京都の定時制・通信制教育を考えるみんなの会 事務局長 説田 三保

(2008年11月10日)



 京都市内の夜間定時制の募集定員は8年前の1000名から、昨年は450名、今春は440名と半減された結果、昨年42名、今春76名と多数の不合格者を生みました。京都市内の不登校中学生は982名(2007年度)、就職61名と発表されています。全日制中退者もありますから、予想されたことでした。「京都の定時制・通信制教育を考えるみんなの会」(略称:定通みんなの会・1995年4月発足・年会費千円・会員数140名)は、募集定員の削減が発表された直後から、府教委・市教委に削減の撤回を求めて申し入れを重ねてきました。毎年、定員を超える志願者のある桃山高校定時制の四十人削減した理由を、担当者は全日制の改変によるクラス増に伴う教室の確保のためと称し、定例教育委員会でも課長が同様の説明をしました。この暴挙を止めるには教育委員に実情を伝えるしかないと、私たちが例会や進路相談会でのゲスト(在校生や卒業生、保護者)の発言を収録し発行している文集『もっと知って!定時制・通信制』(2007年版)を提供したことで、大きな変化が生まれました。生徒の心情の一端が伝わったからです。
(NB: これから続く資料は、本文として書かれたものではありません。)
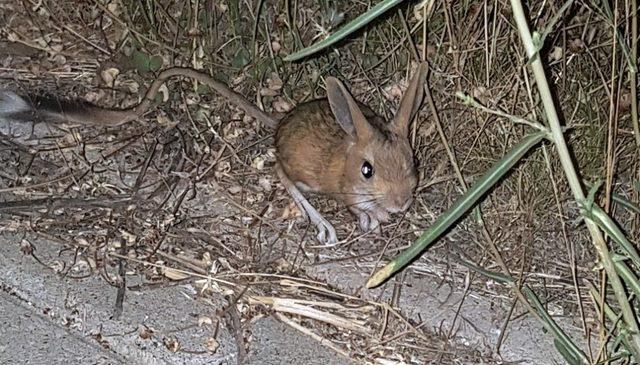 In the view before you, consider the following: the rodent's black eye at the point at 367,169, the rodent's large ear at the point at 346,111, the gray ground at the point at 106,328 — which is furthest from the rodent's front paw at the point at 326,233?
the gray ground at the point at 106,328

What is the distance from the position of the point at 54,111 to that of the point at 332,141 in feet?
3.46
 私たちの申し入れが議題になる7月15日の京都府定例教育委員会を傍聴したのですが、3月、5月と申し入れと傍聴を重ねてきたこともあって、次々に意見が出ました。 委員:資料の『もっと知って!定時制・通信制』を一読して強く思うのですが、書かれていることを読む限り、ほとんどの子が学校嫌いで、普通の高校に入ってもついていけないか、受け入れられないのか、どちらの形で定時制に来ているのか、よく知りませんが・・・。夜間の状況も変わってきたようで、この話の限りでは、夜かならずしも行く必要が無い。広い目で考えれば、授業のスピードや先生の対応とか、もっと、ゆっくり、親切な学校が望まれているように思う。・・・もう少し抜本的に、昼間の定時制なども考えてはどうか。もう少し親切な高校や、朝からある定時制も、考えられないか。 委員:学校嫌いは小・中学校からはじまっている。小学校・中学校から落ちこぼれている。子どもの数が少なくなったのに問題が起きてきた。授業の進め方など小学校、中学校の対応も大事。・・・定員を増やすなどして・・・基本的には、その時点での対応が大事なのではないか。
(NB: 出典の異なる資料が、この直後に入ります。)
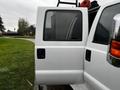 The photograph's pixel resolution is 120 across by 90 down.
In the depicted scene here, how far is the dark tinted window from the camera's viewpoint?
3.29 meters

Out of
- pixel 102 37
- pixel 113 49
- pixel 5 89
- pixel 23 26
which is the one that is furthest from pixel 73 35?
pixel 23 26

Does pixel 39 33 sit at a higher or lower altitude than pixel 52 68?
higher

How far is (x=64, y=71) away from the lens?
441cm

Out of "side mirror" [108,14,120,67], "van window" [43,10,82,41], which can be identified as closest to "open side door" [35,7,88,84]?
"van window" [43,10,82,41]

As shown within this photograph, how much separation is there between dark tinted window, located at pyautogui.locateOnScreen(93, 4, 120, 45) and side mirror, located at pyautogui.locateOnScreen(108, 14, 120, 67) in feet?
2.24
 これは発言の一部です。とても同意できない個所もありますが、率直な発言に感動さえ覚えました。こうした経過もあって、7039筆の賛同署名を頂いた「京都の定時制・通信制教育を守る連絡会」の請願が報告された8月27日の定例会では、再度各委員から多くの意見が出されました。なかでも、「桃山定時制は、物理的な問題が解決されれば、募集定員は増やせるのか」との質問は、募集定員を決定する当日の発言だけに、委員の疑念の表れといえます。事務局も「定時制問題の検討委員会を立ち上げる」と発言するなど、変化が生まれてきました。また、全日制収容率は微増したものの、定時制募集定員増は実現しませんでしたが、今後に活きる課題も明らかになりました。一方、京都市教育委員会は申し入れや請願を委員会で報告せず、議題にもしていません。報告すべきとの規則がないことを理由にして、公式には情報を委員に隠していたのです。議題に挙げさせる運動と共に、規則制定が課題です。

 それにしても、不況下で経済格差が拡大している今日、「学び直しの学び舎」である夜間定時制の募集定員は、余裕をもたせるのが教育行政の責任です。

 以上、市民団体としての取り組みの一端を報告し、請願への賛同署名のお礼といたします。